*** Opening Records supplied ***
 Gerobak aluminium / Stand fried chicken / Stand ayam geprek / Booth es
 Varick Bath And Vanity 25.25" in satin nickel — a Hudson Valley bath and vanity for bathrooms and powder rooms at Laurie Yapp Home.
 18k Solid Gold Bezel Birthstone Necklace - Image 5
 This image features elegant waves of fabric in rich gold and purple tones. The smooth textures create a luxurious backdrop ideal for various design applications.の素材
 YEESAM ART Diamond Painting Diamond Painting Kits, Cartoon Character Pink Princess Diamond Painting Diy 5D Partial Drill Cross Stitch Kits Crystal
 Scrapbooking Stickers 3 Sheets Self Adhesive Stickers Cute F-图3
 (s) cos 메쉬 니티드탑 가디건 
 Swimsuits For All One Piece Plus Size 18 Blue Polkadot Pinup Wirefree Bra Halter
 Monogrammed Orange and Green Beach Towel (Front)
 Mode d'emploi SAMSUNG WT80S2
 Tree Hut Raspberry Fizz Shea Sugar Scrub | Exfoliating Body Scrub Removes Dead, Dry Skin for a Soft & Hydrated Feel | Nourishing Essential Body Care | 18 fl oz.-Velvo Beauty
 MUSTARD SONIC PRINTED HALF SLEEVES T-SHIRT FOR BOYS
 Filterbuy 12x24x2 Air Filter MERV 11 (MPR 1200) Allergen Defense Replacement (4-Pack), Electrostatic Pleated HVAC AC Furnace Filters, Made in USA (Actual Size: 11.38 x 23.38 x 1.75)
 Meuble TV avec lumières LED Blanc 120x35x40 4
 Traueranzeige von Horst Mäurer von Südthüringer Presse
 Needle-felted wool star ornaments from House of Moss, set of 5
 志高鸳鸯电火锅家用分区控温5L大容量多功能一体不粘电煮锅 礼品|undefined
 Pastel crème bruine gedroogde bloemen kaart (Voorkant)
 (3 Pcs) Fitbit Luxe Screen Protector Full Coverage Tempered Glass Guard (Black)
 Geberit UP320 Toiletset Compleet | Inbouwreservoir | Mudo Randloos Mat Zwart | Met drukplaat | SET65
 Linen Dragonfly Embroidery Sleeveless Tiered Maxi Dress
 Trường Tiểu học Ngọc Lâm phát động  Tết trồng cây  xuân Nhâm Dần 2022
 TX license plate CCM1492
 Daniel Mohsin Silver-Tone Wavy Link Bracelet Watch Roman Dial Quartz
*** Closing Records supplied ***
What you will do
Give all the lines above again, exactly.

Response
 Gerobak aluminium / Stand fried chicken / Stand ayam geprek / Booth es
 Varick Bath And Vanity 25.25" in satin nickel — a Hudson Valley bath and vanity for bathrooms and powder rooms at Laurie Yapp Home.
 18k Solid Gold Bezel Birthstone Necklace - Image 5
 This image features elegant waves of fabric in rich gold and purple tones. The smooth textures create a luxurious backdrop ideal for various design applications.の素材
 YEESAM ART Diamond Painting Diamond Painting Kits, Cartoon Character Pink Princess Diamond Painting Diy 5D Partial Drill Cross Stitch Kits Crystal
 Scrapbooking Stickers 3 Sheets Self Adhesive Stickers Cute F-图3
 (s) cos 메쉬 니티드탑 가디건 
 Swimsuits For All One Piece Plus Size 18 Blue Polkadot Pinup Wirefree Bra Halter
 Monogrammed Orange and Green Beach Towel (Front)
 Mode d'emploi SAMSUNG WT80S2
 Tree Hut Raspberry Fizz Shea Sugar Scrub | Exfoliating Body Scrub Removes Dead, Dry Skin for a Soft & Hydrated Feel | Nourishing Essential Body Care | 18 fl oz.-Velvo Beauty
 MUSTARD SONIC PRINTED HALF SLEEVES T-SHIRT FOR BOYS
 Filterbuy 12x24x2 Air Filter MERV 11 (MPR 1200) Allergen Defense Replacement (4-Pack), Electrostatic Pleated HVAC AC Furnace Filters, Made in USA (Actual Size: 11.38 x 23.38 x 1.75)
 Meuble TV avec lumières LED Blanc 120x35x40 4
 Traueranzeige von Horst Mäurer von Südthüringer Presse
 Needle-felted wool star ornaments from House of Moss, set of 5
 志高鸳鸯电火锅家用分区控温5L大容量多功能一体不粘电煮锅 礼品|undefined
 Pastel crème bruine gedroogde bloemen kaart (Voorkant)
 (3 Pcs) Fitbit Luxe Screen Protector Full Coverage Tempered Glass Guard (Black)
 Geberit UP320 Toiletset Compleet | Inbouwreservoir | Mudo Randloos Mat Zwart | Met drukplaat | SET65
 Linen Dragonfly Embroidery Sleeveless Tiered Maxi Dress
 Trường Tiểu học Ngọc Lâm phát động  Tết trồng cây  xuân Nhâm Dần 2022
 TX license plate CCM1492
 Daniel Mohsin Silver-Tone Wavy Link Bracelet Watch Roman Dial Quartz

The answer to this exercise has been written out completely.